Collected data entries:
[Start of section]

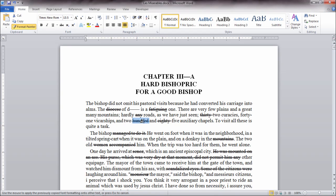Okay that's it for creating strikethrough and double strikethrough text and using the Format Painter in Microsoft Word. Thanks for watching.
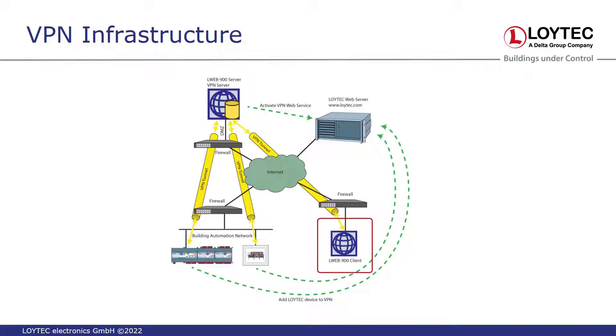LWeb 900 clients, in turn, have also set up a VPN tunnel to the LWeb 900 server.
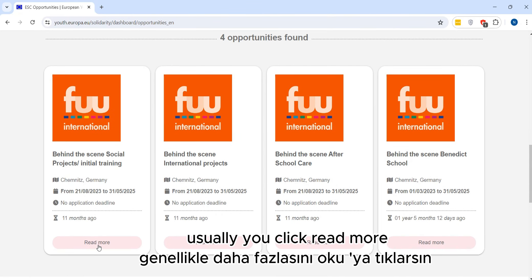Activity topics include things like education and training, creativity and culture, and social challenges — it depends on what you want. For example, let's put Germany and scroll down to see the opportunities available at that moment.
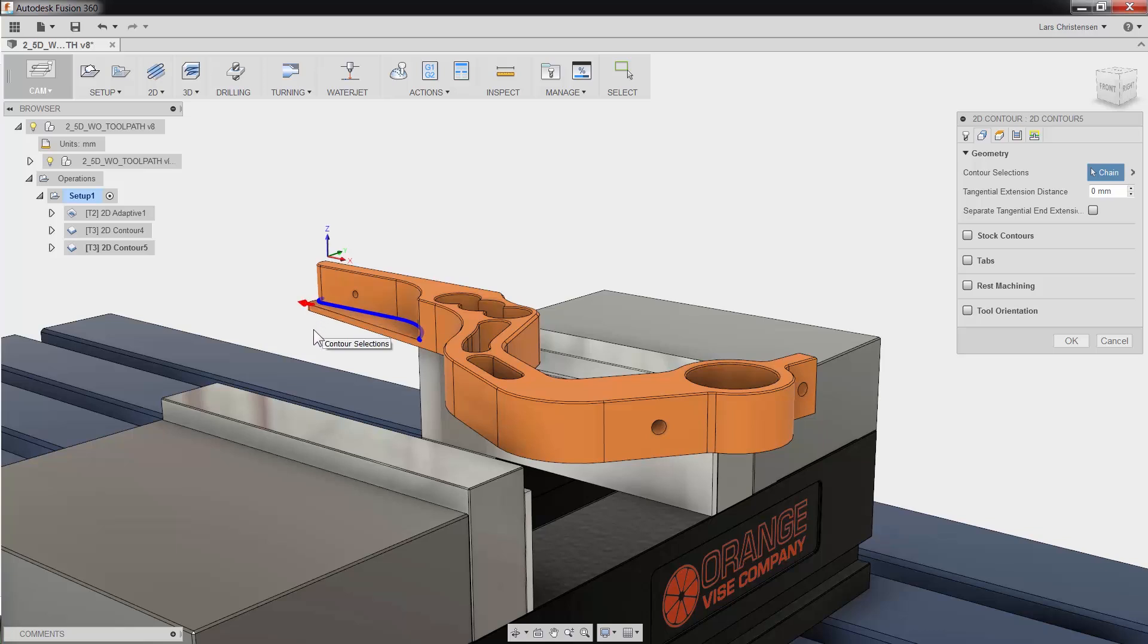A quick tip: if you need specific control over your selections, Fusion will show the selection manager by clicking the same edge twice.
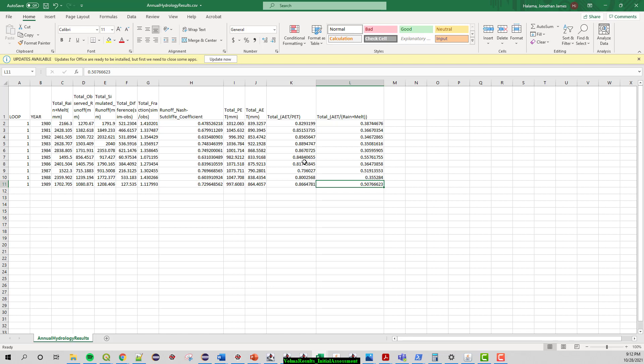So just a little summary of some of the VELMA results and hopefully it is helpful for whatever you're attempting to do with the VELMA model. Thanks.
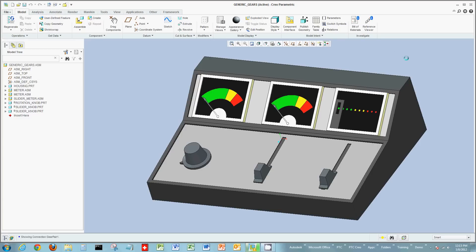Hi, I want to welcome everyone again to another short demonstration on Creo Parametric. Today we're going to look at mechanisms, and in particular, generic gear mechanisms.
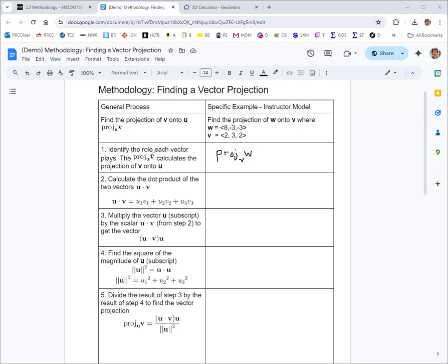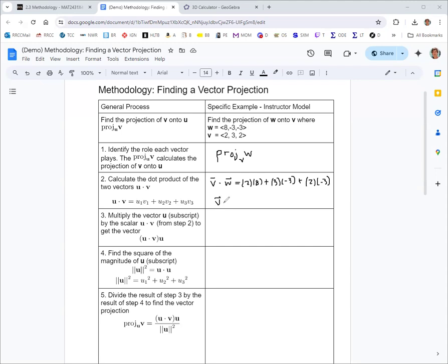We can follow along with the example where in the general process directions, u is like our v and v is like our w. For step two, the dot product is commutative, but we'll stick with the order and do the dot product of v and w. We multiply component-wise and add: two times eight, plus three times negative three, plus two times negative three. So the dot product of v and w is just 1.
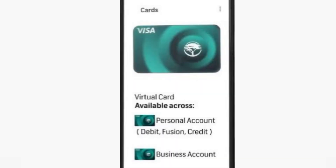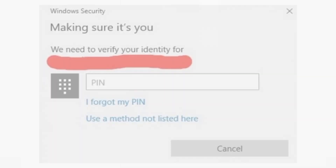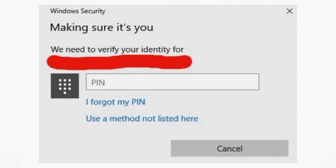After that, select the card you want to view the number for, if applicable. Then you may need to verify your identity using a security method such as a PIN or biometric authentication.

[End of section]

Exercise description:
Only the text of the records belongs in your answer, repeated exactly; the pictures stay out.

Answer box:
Okay that's it for creating strikethrough and double strikethrough text and using the Format Painter in Microsoft Word. Thanks for watching.
LWeb 900 clients, in turn, have also set up a VPN tunnel to the LWeb 900 server.
Activity topics include things like education and training, creativity and culture, and social challenges — it depends on what you want. For example, let's put Germany and scroll down to see the opportunities available at that moment.
A quick tip: if you need specific control over your selections, Fusion will show the selection manager by clicking the same edge twice.
So just a little summary of some of the VELMA results and hopefully it is helpful for whatever you're attempting to do with the VELMA model. Thanks.
Hi, I want to welcome everyone again to another short demonstration on Creo Parametric. Today we're going to look at mechanisms, and in particular, generic gear mechanisms.
We can follow along with the example where in the general process directions, u is like our v and v is like our w. For step two, the dot product is commutative, but we'll stick with the order and do the dot product of v and w. We multiply component-wise and add: two times eight, plus three times negative three, plus two times negative three. So the dot product of v and w is just 1.
After that, select the card you want to view the number for, if applicable. Then you may need to verify your identity using a security method such as a PIN or biometric authentication.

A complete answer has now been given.